### Dataset extract

-------

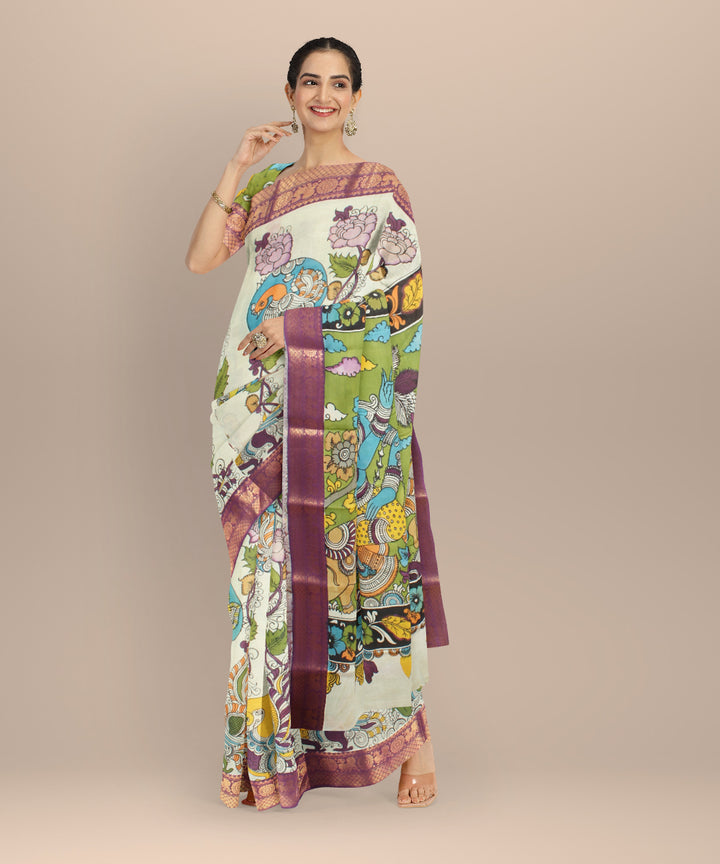 Off white black silk hand painted kalamkari saree
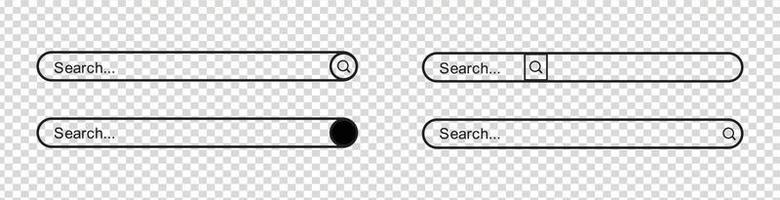 vector de plantilla de pestaña de barra de navegación de ilustración de cuadro de búsqueda, colección de barras de cuadro de búsqueda
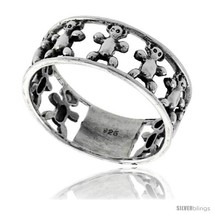 Sterling silver teddy bear link wedding band ring 5 16 in wide thumb200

-------

### Your goal
Copy each line above precisely, dropping the pictures.

### Expected answer
 Off white black silk hand painted kalamkari saree
 vector de plantilla de pestaña de barra de navegación de ilustración de cuadro de búsqueda, colección de barras de cuadro de búsqueda
 Sterling silver teddy bear link wedding band ring 5 16 in wide thumb200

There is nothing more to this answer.